_TASK TO COMPLETE_
Nothing but the lines below from the one that contains "Gallmac WMW 115 wheel excavator, side view" through the one that contains "3146 N Market Street Property Photo 9" should be retyped, exactly and including both ends. Do not include pictures.
____ RECORD EXTRACTS
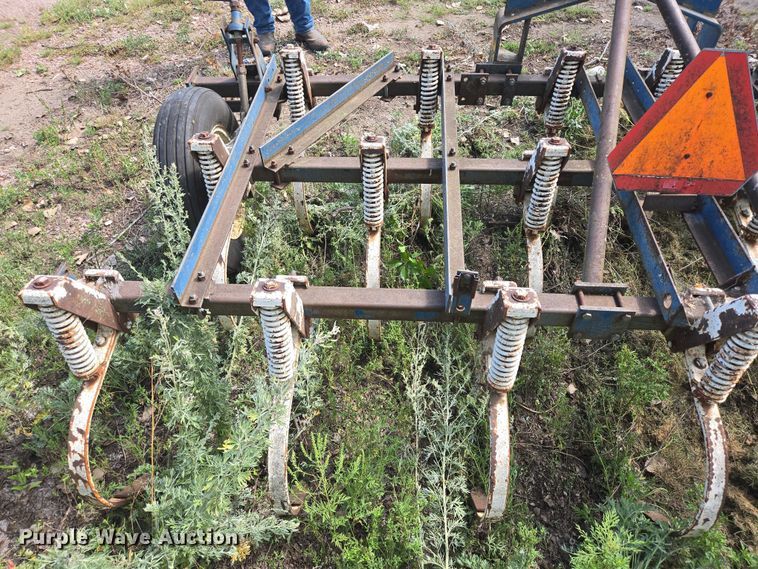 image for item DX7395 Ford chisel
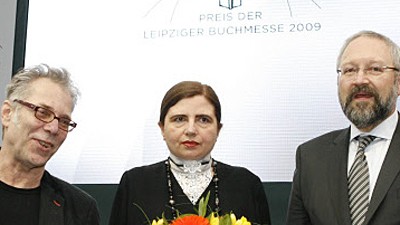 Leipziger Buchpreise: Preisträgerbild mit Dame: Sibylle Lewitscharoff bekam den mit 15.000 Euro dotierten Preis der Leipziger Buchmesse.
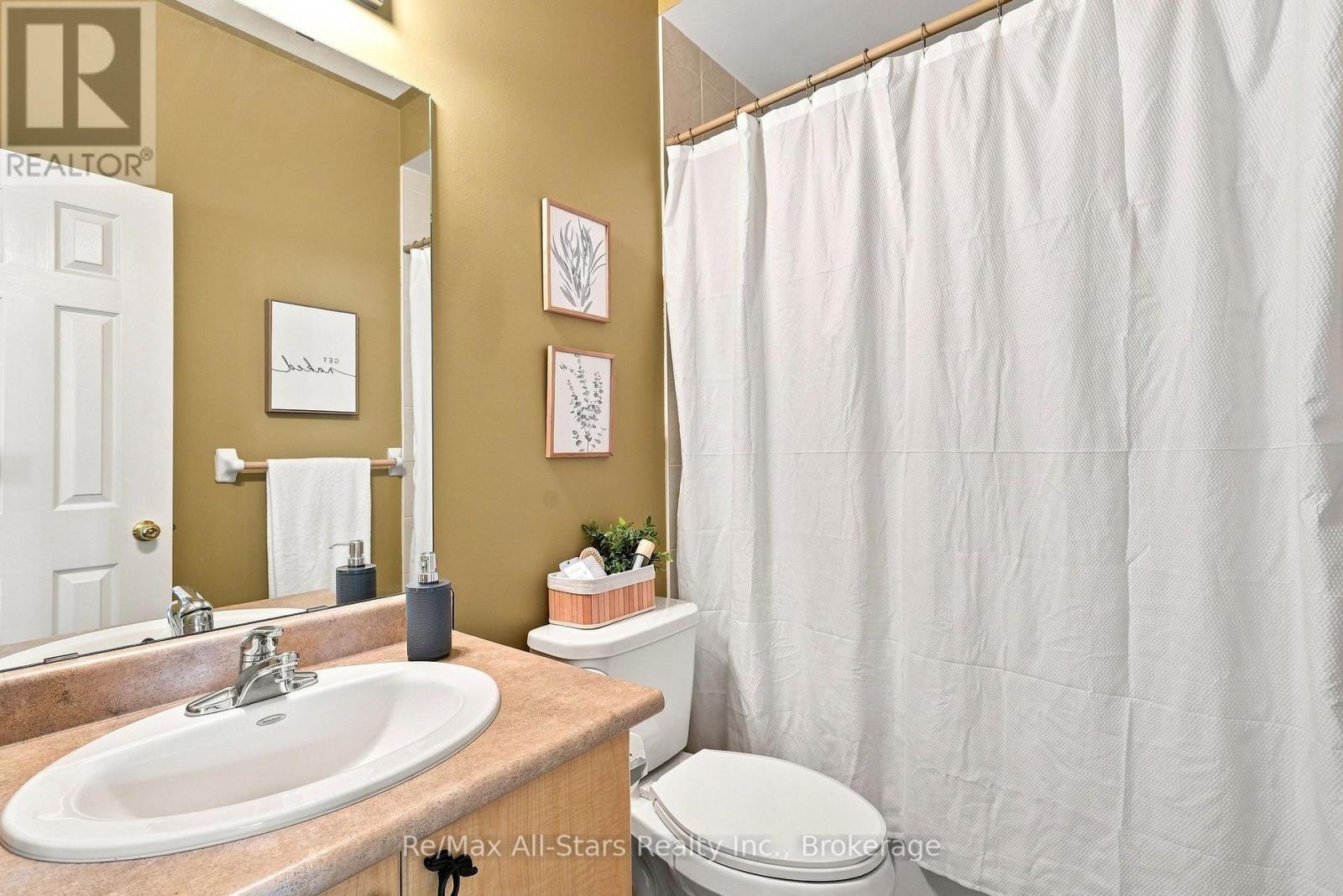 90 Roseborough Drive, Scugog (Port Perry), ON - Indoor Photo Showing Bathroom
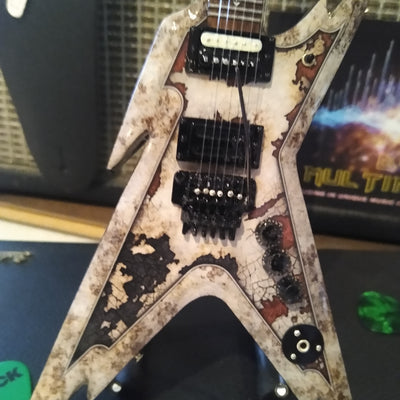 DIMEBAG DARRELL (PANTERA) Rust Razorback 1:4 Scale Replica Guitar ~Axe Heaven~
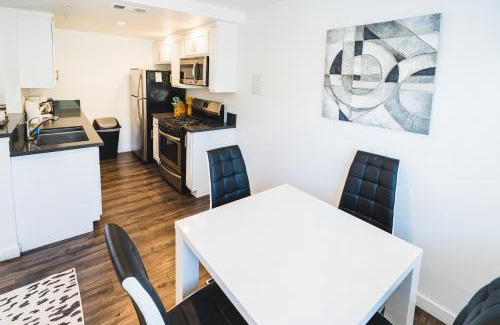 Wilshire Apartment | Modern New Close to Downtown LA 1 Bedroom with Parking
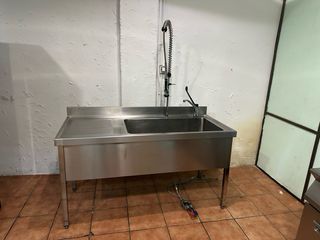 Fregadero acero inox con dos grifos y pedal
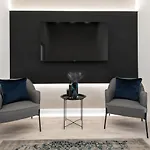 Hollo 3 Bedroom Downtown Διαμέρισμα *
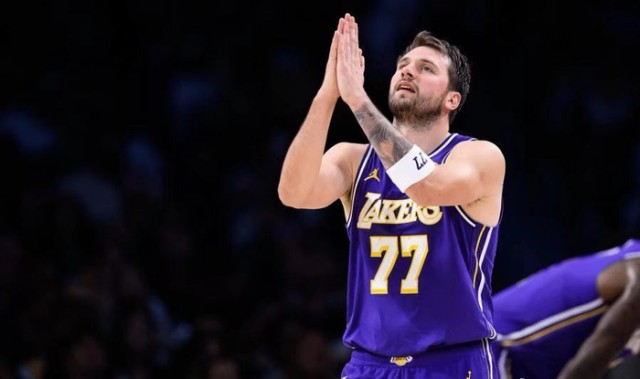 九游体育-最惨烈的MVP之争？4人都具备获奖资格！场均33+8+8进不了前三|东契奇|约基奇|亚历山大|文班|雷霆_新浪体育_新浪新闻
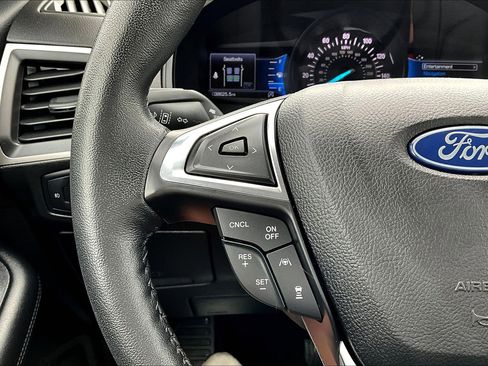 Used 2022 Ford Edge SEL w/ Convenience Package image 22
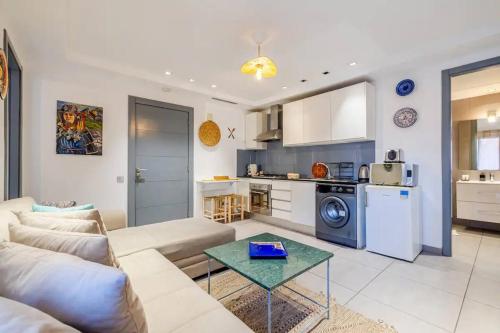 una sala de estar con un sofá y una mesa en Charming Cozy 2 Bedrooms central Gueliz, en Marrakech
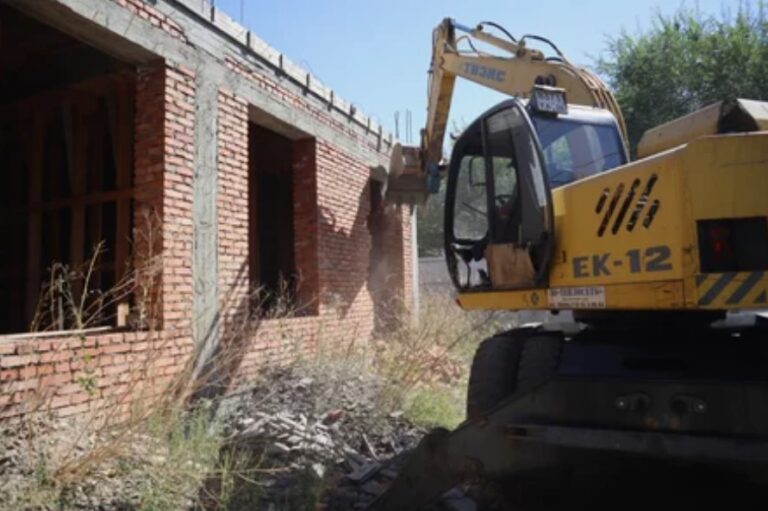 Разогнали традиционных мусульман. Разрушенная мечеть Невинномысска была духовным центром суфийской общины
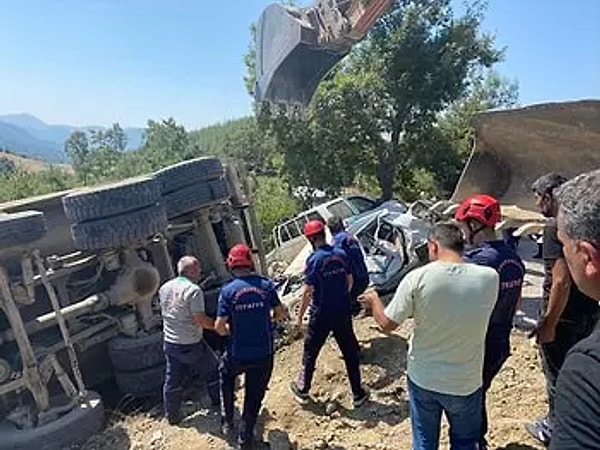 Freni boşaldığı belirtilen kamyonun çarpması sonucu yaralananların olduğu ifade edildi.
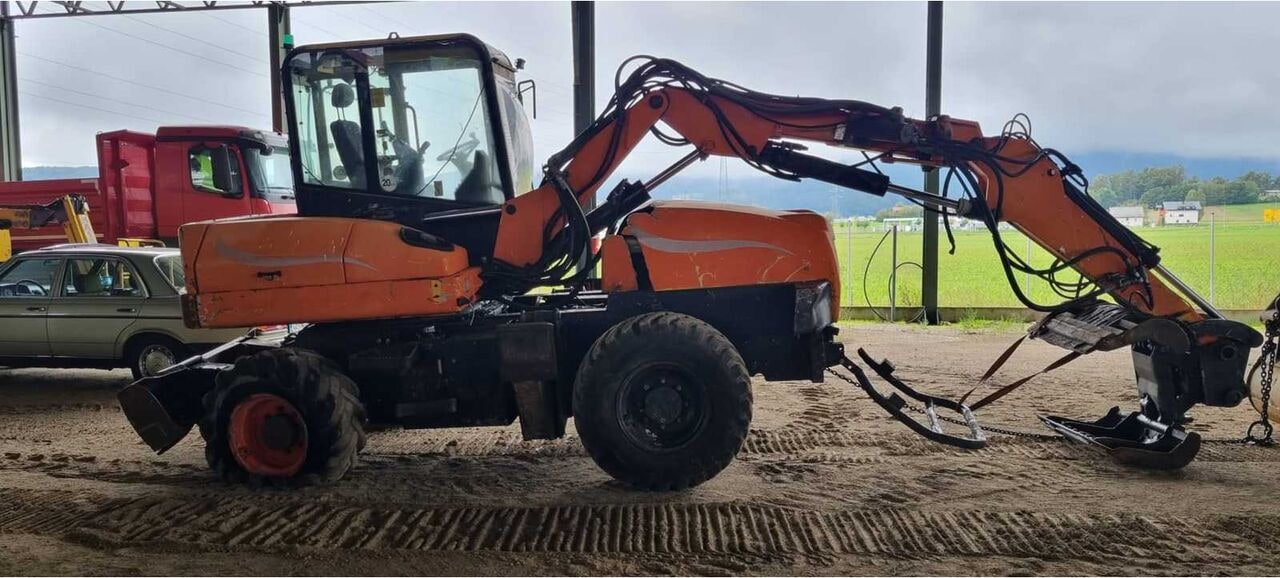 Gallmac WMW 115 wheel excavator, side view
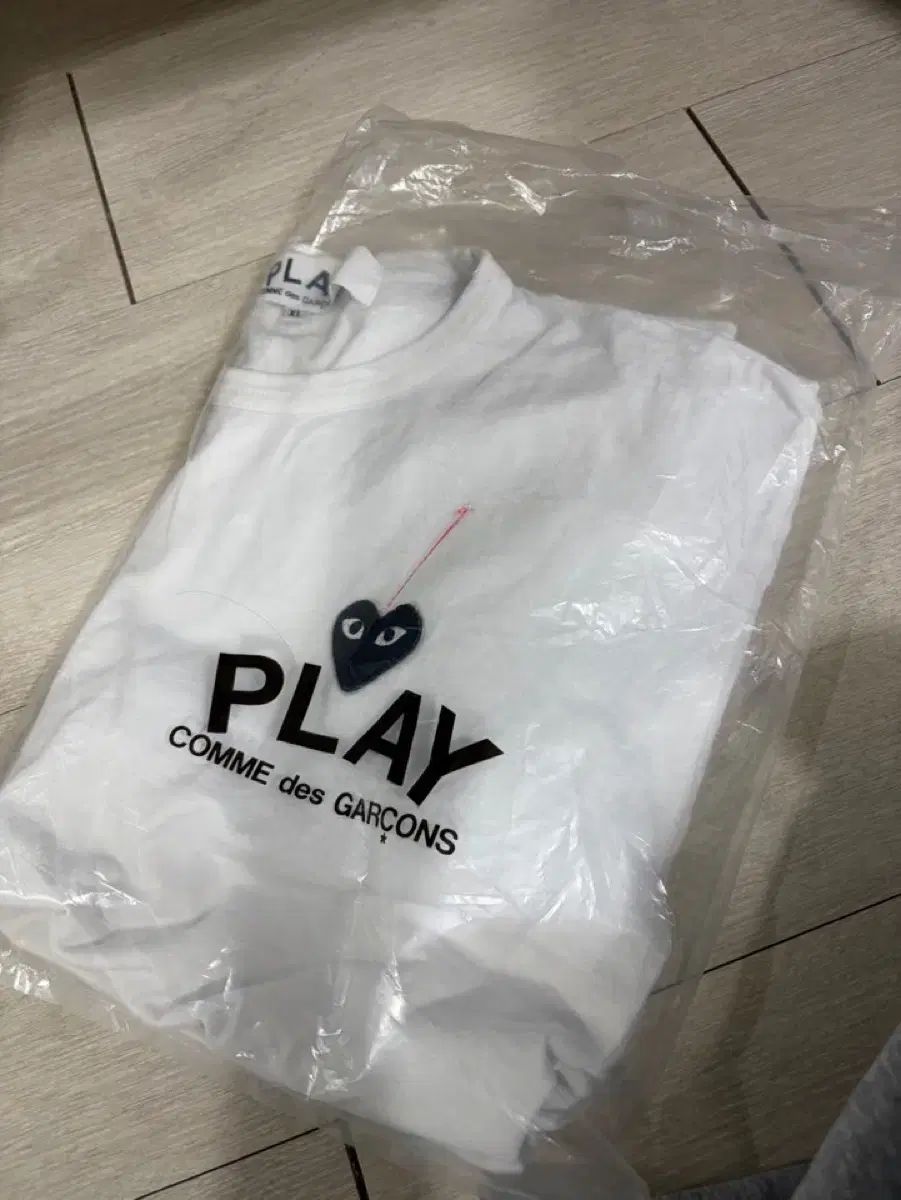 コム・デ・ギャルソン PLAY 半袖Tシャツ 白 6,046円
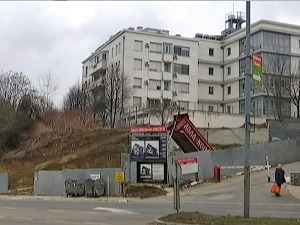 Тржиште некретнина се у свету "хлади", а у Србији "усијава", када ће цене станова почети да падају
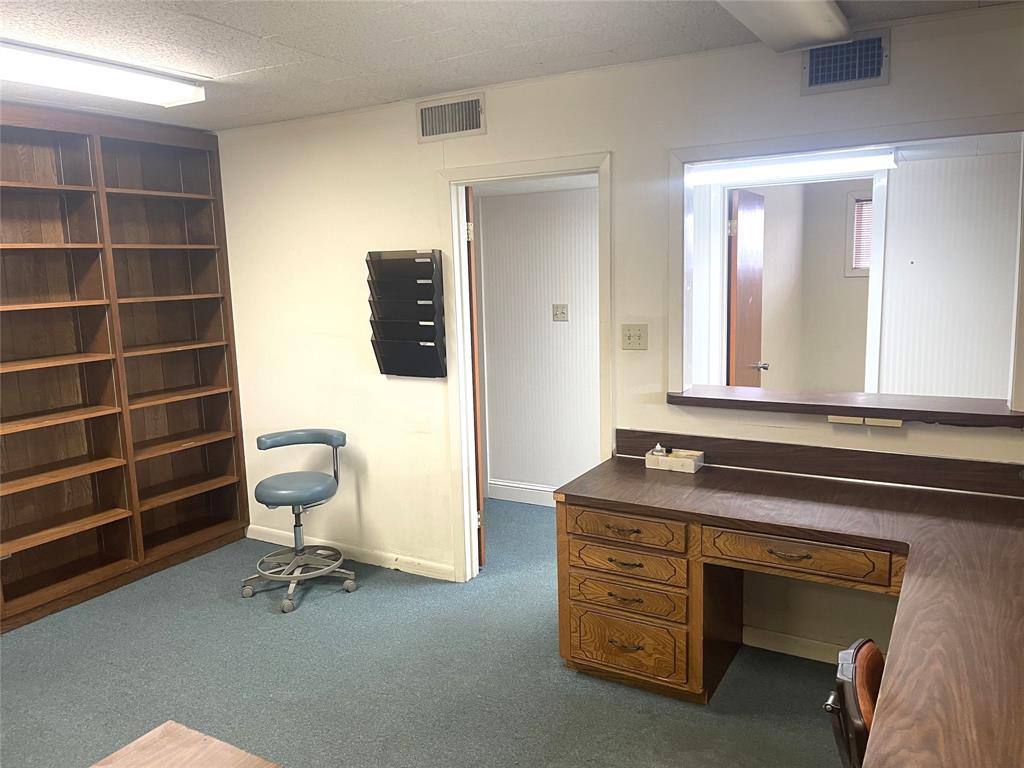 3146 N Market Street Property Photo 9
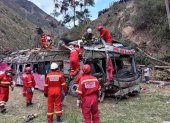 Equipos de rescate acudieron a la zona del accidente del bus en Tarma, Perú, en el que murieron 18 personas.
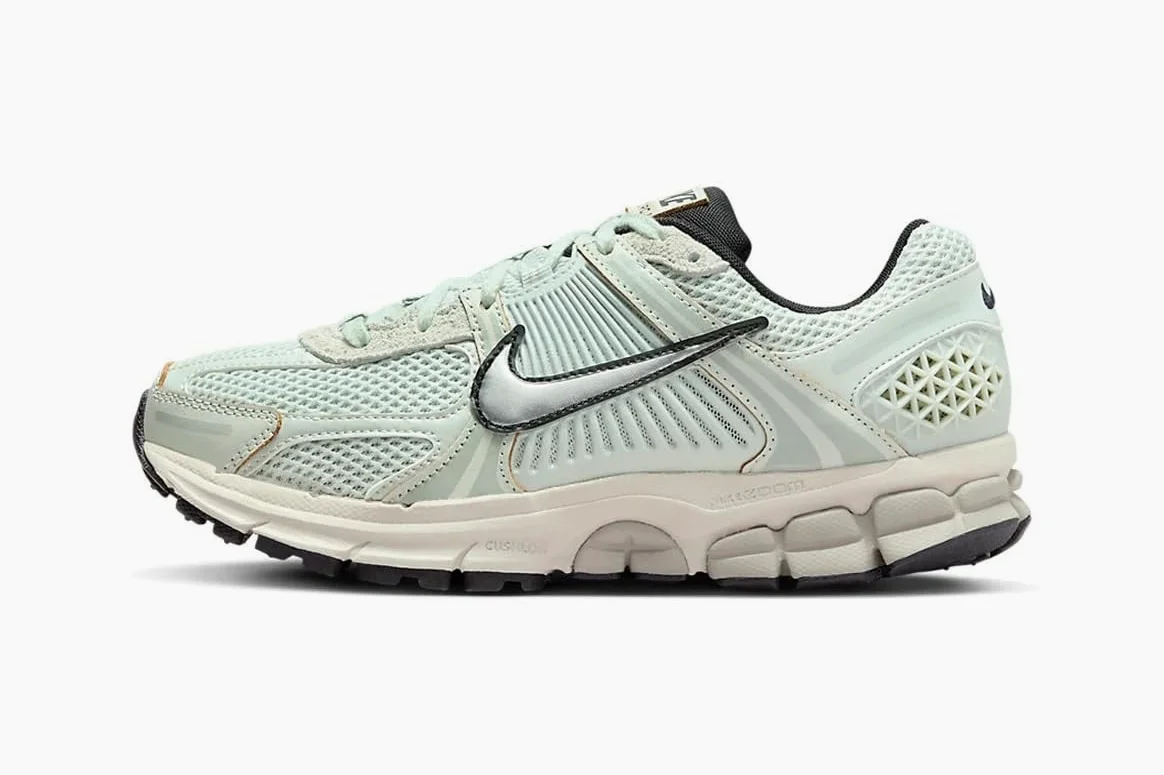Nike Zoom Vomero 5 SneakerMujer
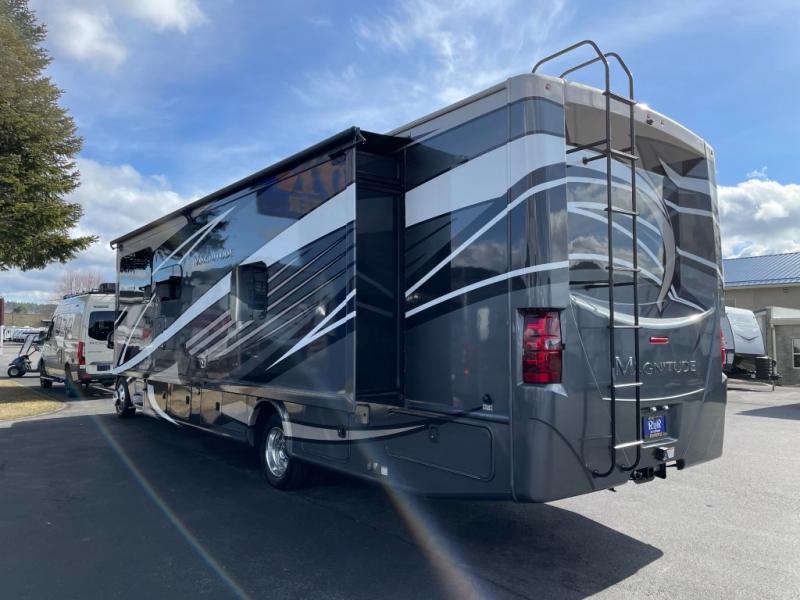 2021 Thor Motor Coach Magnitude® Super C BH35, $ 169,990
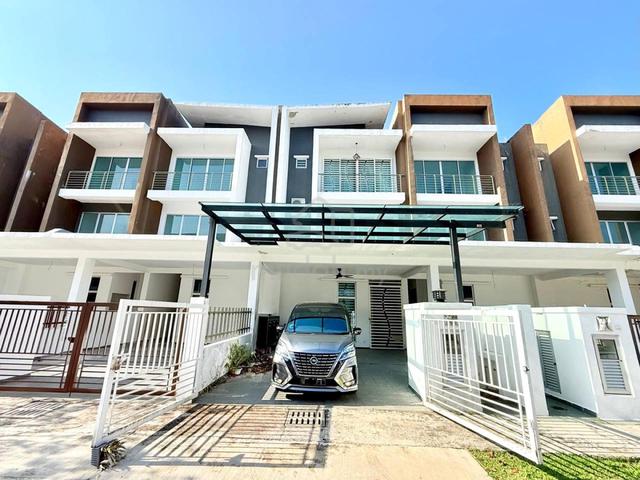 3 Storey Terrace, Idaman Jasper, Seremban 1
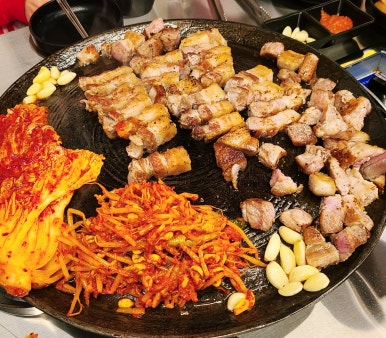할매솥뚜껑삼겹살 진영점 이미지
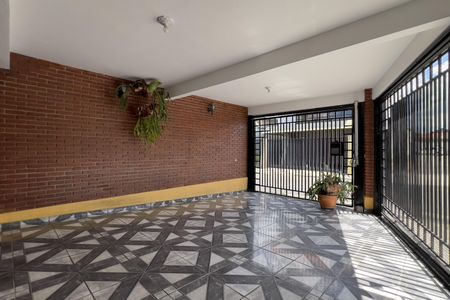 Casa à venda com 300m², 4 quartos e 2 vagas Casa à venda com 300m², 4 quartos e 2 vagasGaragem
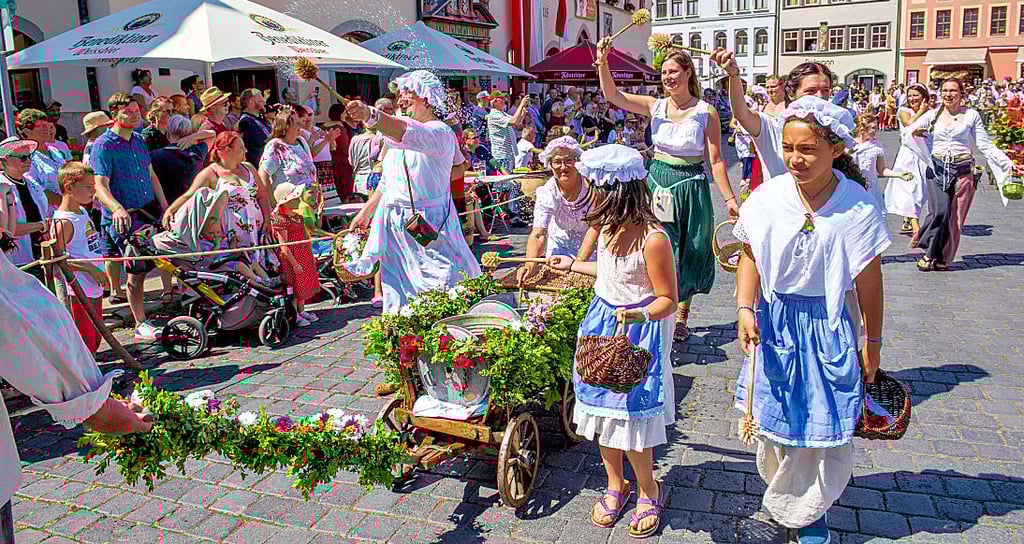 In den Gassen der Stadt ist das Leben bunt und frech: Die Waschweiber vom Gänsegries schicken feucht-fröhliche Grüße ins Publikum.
________
_ANSWER BOX_
 Gallmac WMW 115 wheel excavator, side view
 コム・デ・ギャルソン PLAY 半袖Tシャツ 白 6,046円
 Тржиште некретнина се у свету "хлади", а у Србији "усијава", када ће цене станова почети да падају
 3146 N Market Street Property Photo 9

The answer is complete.